Information provided Block Start
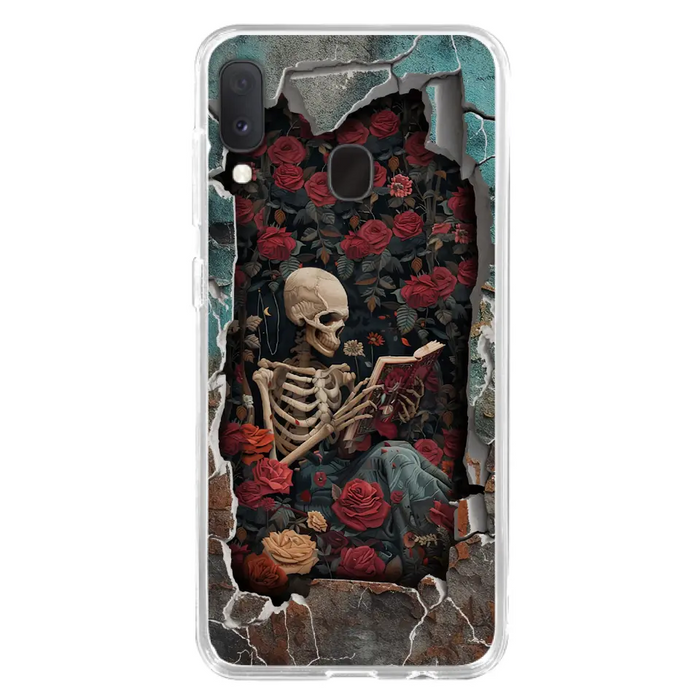 Custom Personalized Bookish Skeleton Phone Case - Reading Book Lover Gift Idea - Case For iPhone/ Samsung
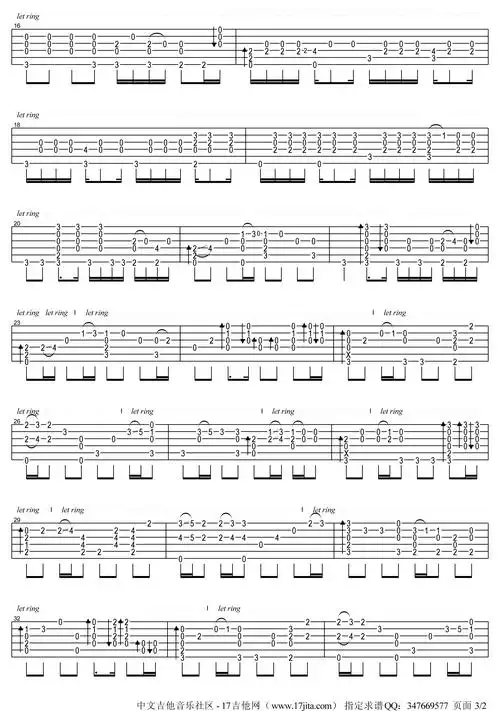 周杰伦 晴天指弹吉他谱卢家宏版_【免翻页浏览】_图片谱_17吉他网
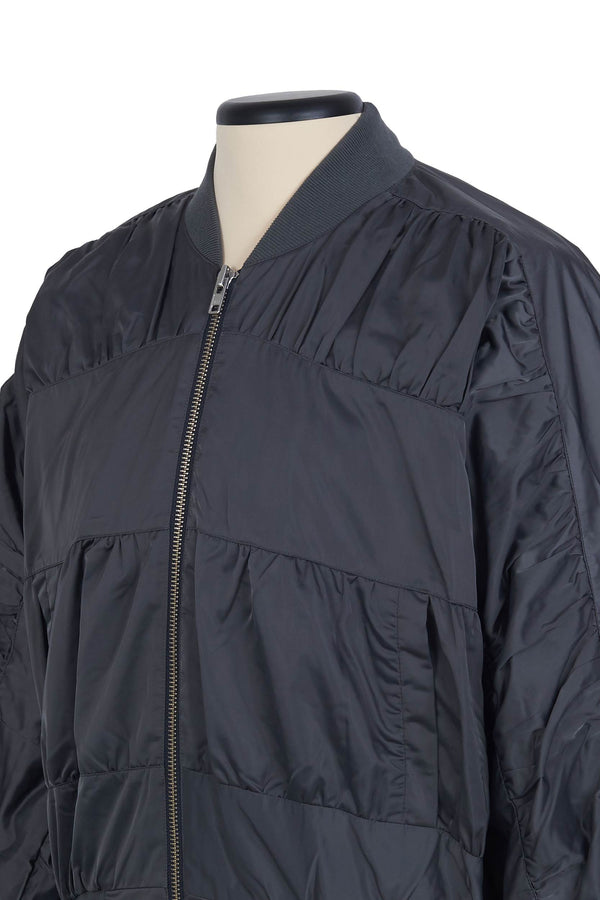 Random Identities Ruched Bomber Jacket - Grey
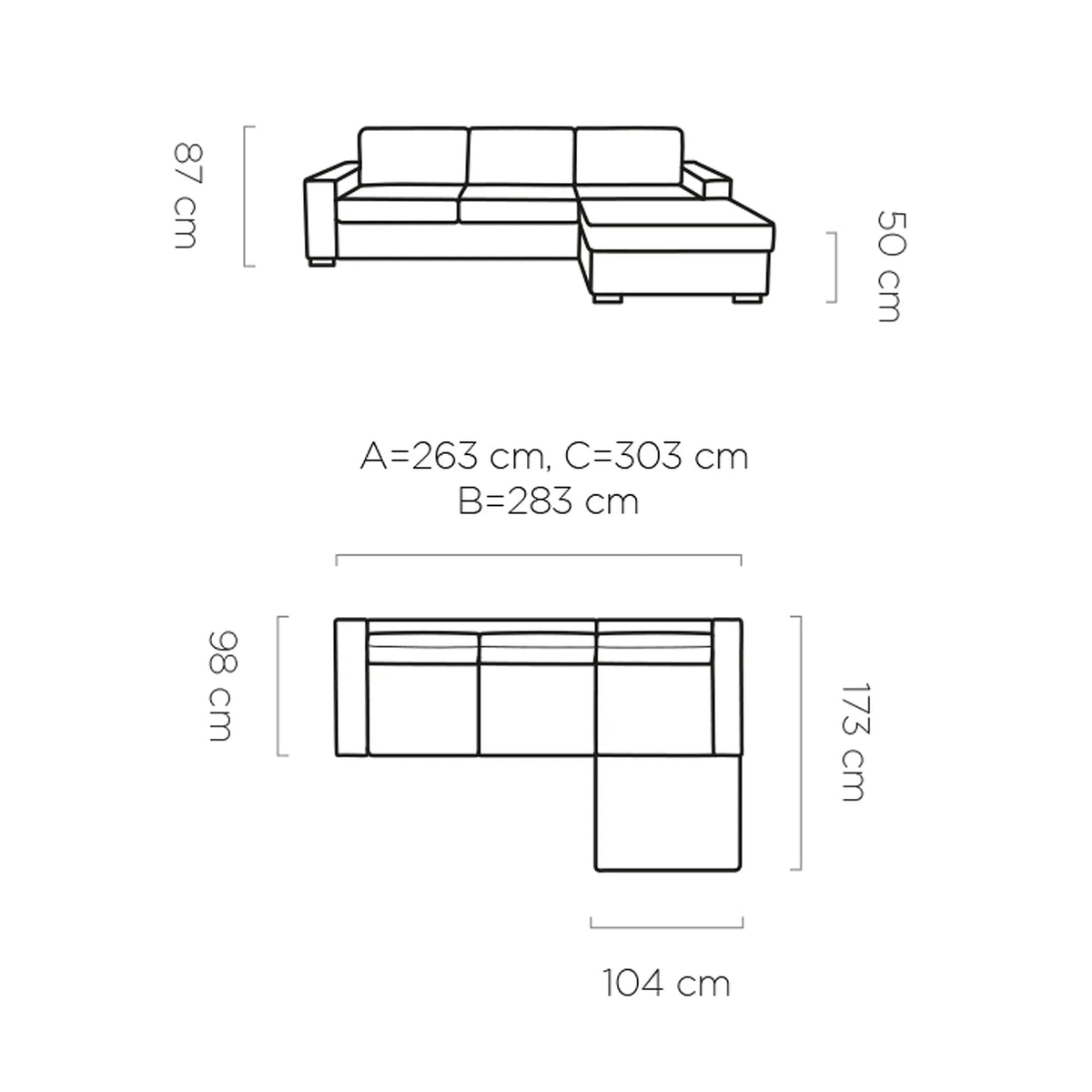 Coltar extensibil VANILLA CORNER 140, personalizabil, cu lada depozitare, 283x173x87 cm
Information provided Block End
### Problem requirements:
Type out the data above once more, exactly, with no images included.

### Solution for this exercise:
 Custom Personalized Bookish Skeleton Phone Case - Reading Book Lover Gift Idea - Case For iPhone/ Samsung
 周杰伦 晴天指弹吉他谱卢家宏版_【免翻页浏览】_图片谱_17吉他网
 Random Identities Ruched Bomber Jacket - Grey
 Coltar extensibil VANILLA CORNER 140, personalizabil, cu lada depozitare, 283x173x87 cm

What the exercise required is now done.